“Nada
puede surgir de la nada
Los
tres filósofos de Mileto pensaban que tenía que haber una -y quizás
sólo una- materia primaria de la que estaba hecho todo lo demás.
¿Pero cómo era posible que una materia se alterara de repente para
convertirse en algo completamente distinto? A este problema lo
podemos llamar problema
del cambio.
Desde
aproximadamente el año 500 a. de C. vivieron unos filósofos en la
colonia griega de Elea en el sur de Italia, y estos eleatos se
preocuparon por cuestiones de ese tipo. El
más
conocido era Parménides
(aprox.
510-470 a. de C).
Parménides
pensaba que todo lo que hay ha existido siempre, lo que era una idea
muy corriente entre los griegos. Daban más o menos por sentado
que todo lo que existe en el mundo es eterno. Nada puede surgir
de la nada, pensaba Parménides. Y algo que existe, tampoco se puede
convertir en nada.
Pero
Parménides fue más lejos que la mayoría. Pensaba que ningún
verdadero cambio era posible. No hay nada que se pueda convertir
en algo diferente a lo que es exactamente.
Desde
luego que Parménides sabía que precisamente la naturaleza muestra
cambios constantes. Con los
sentidos observaba
cómo cambiaban las cosas, pero esto no concordaba con lo que le
decía la
razón. No
obstante, cuando se vio forzado a elegir entre fiarse de sus sentidos
o de su razón, optó por la razón.
Conocemos
la expresión: «Si no lo veo, no lo creo». Pero Parménides no lo
creía ni siquiera cuando lo veía. Pensaba que los sentidos nos
ofrecen una imagen errónea del mundo, una imagen que no concuerda
con la razón de los seres humanos. Como filósofo, consideraba que
era su obligación descubrir toda clase de «ilusiones».
Esta
fuerte fe en la razón humana se llama racionalismo.
Un
racionalista es el que tiene una gran fe en la razón de las
personas como fuente de sus conocimientos sobre el mundo.
Todo
fluye
Al
mismo tiempo que Parménides, vivió Heráclito
de
Éfeso en Asia Menor. Él pensaba que precisamente los cambios
constantes eran los rasgos más básicos de la naturaleza.
Podríamos decir que Heráclito tenía más fe en lo que le decían
sus sentidos que Parménides.
«Todo
fluye», dijo Heráclito. Todo está en movimiento y nada dura
eternamente. Por eso no podemos «descender dos veces al mismo
río», pues cuando desciendo al río por segunda vez, ni yo ni el
río somos los mismos.
Heráclito
también señaló el hecho de que el mundo está caracterizado por
constantes contradicciones. Si no estuviéramos nunca enfermos, no
entenderíamos lo que significa estar sano. Si no tuviéramos nunca
hambre, no sabríamos apreciar estar saciados. Si no hubiera
nunca guerra, no sabríamos valorar la paz, y si no hubiera
nunca invierno, no nos daríamos cuenta de la primavera.
Tanto
el bien como el mal tienen un lugar necesario en el Todo, decía
Heráclito.
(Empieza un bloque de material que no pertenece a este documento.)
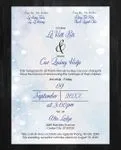 Blue Snow Simple Flat 5x7 Wedding Invitation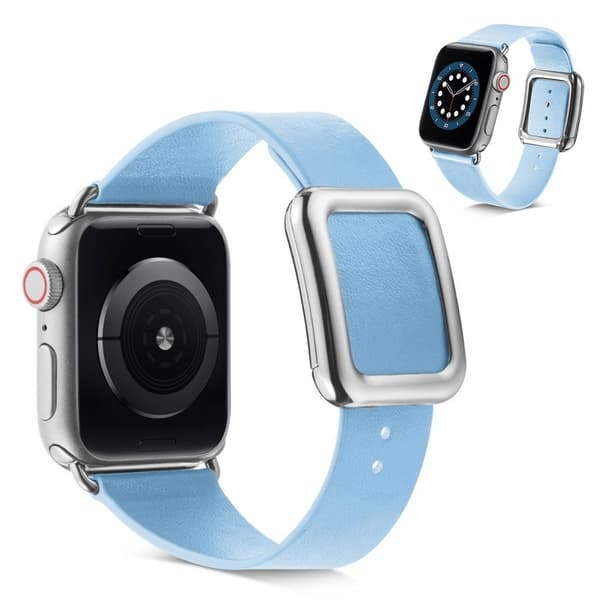 Apple Watch 40 mm urrem i mikrofiberlæder + spænde i rustfrit stål - Babyblå Blue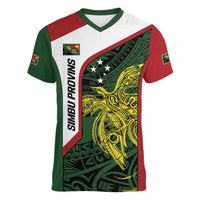 Personalised PNG Chimbu Province Women V-Neck T-Shirt Bird of Paradise Tattoo Flag Motif LT9 Female Red - Polynesian Pride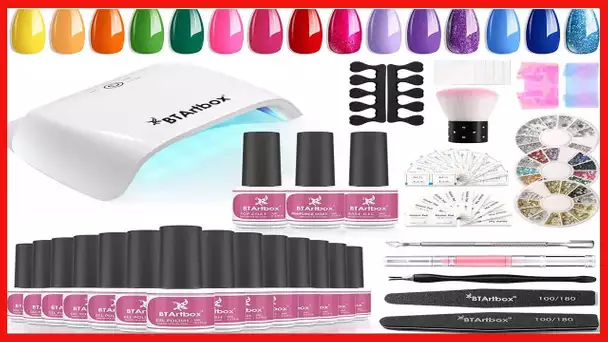 Gel Nail Polish Kit With Light - BTArtbox 15 Colors Gel Nail Polish Set, Base Top Reinforce Coat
Y si no hubiera un constante juego entre los contrastes,
el mundo dejaría de existir.
«Dios
es día y noche, invierno y verano, guerra y paz, hambre y saciedad»,
decía. Emplea la palabra «Dios», pero es evidente que se refiere a
algo muy distinto a los dioses de los que hablaban los mitos. Para
Heráclito, Dios -o lo divino- es algo que abarca a todo el mundo.
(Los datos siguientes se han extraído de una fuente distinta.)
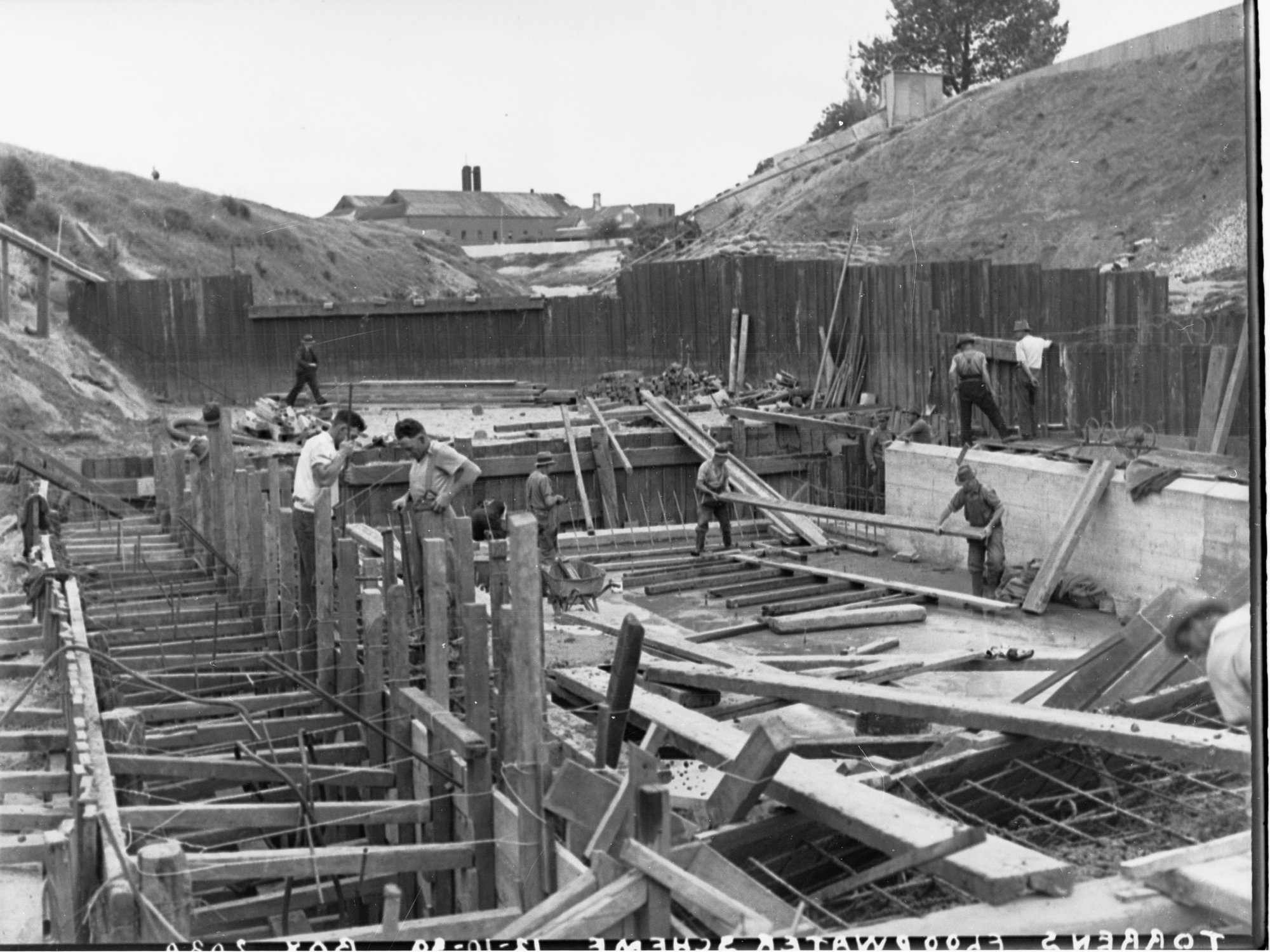 Torrens Floodwater Scheme Showing Men at Work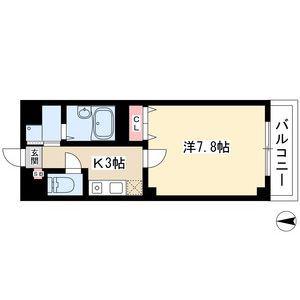 ウエスト井深(1K/1階)の間取り写真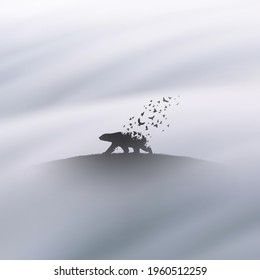 Polar bear and flying birds. Endangered animal. Death and afterlife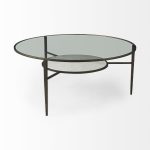 Felicity 36.0L x 36.0W x 16.0H Marble Top W/Iron Frame Coffee Table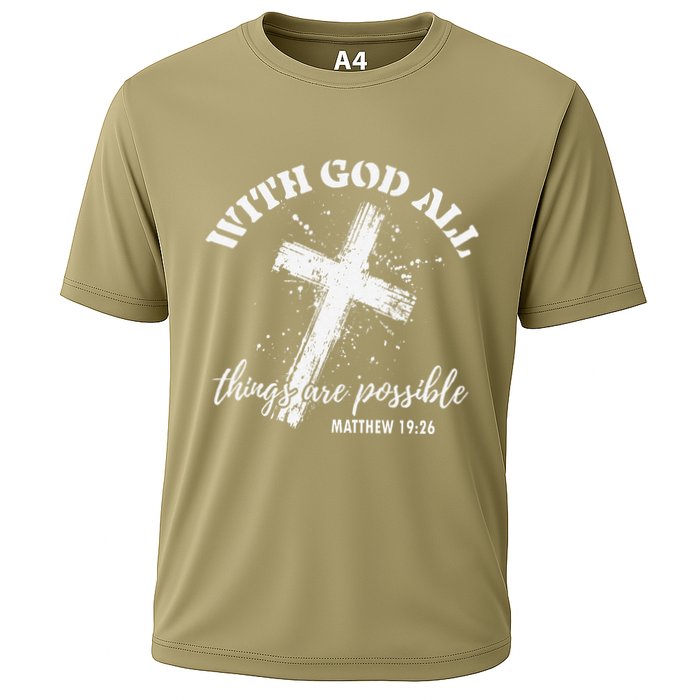 Christian Faith Cross Jesus With God All Things Are Possible Performance Shirt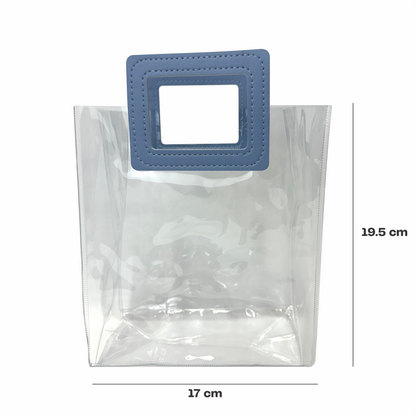 17x 19.5x9  Bolsa Transparente de PVC con agarradera y listón Azul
Dios se muestra precisamente en esa naturaleza llena de
contradicciones y en constante cambio.
En
lugar de la palabra «Dios», emplea a menudo la palabra griega
logos,
que
significa razón. Aunque las personas no hemos pensado siempre
del mismo modo, ni hemos tenido la misma razón, Heráclito
opinaba que tiene que haber una especie de «razón universal» que
dirige todo lo que sucede en la naturaleza. Esta «razón
universal» -o «ley natural»- es algo común para todos y por la
cual todos tienen que guiarse. Y, sin embargo, la mayoría vive según
su propia razón, decía Heráclito. No tenía, en general, muy
buena opinión de su prójimo. «Las opiniones de la mayor parte de
la gente pueden compararse con los juegos infantiles», decía.
En
medio de todos esos cambios y contradicciones en la naturaleza,
Heráclito veía, pues, una unidad o un todo. Este «algo», que era
la base de todo, él lo llamaba «Dios» o «logos».”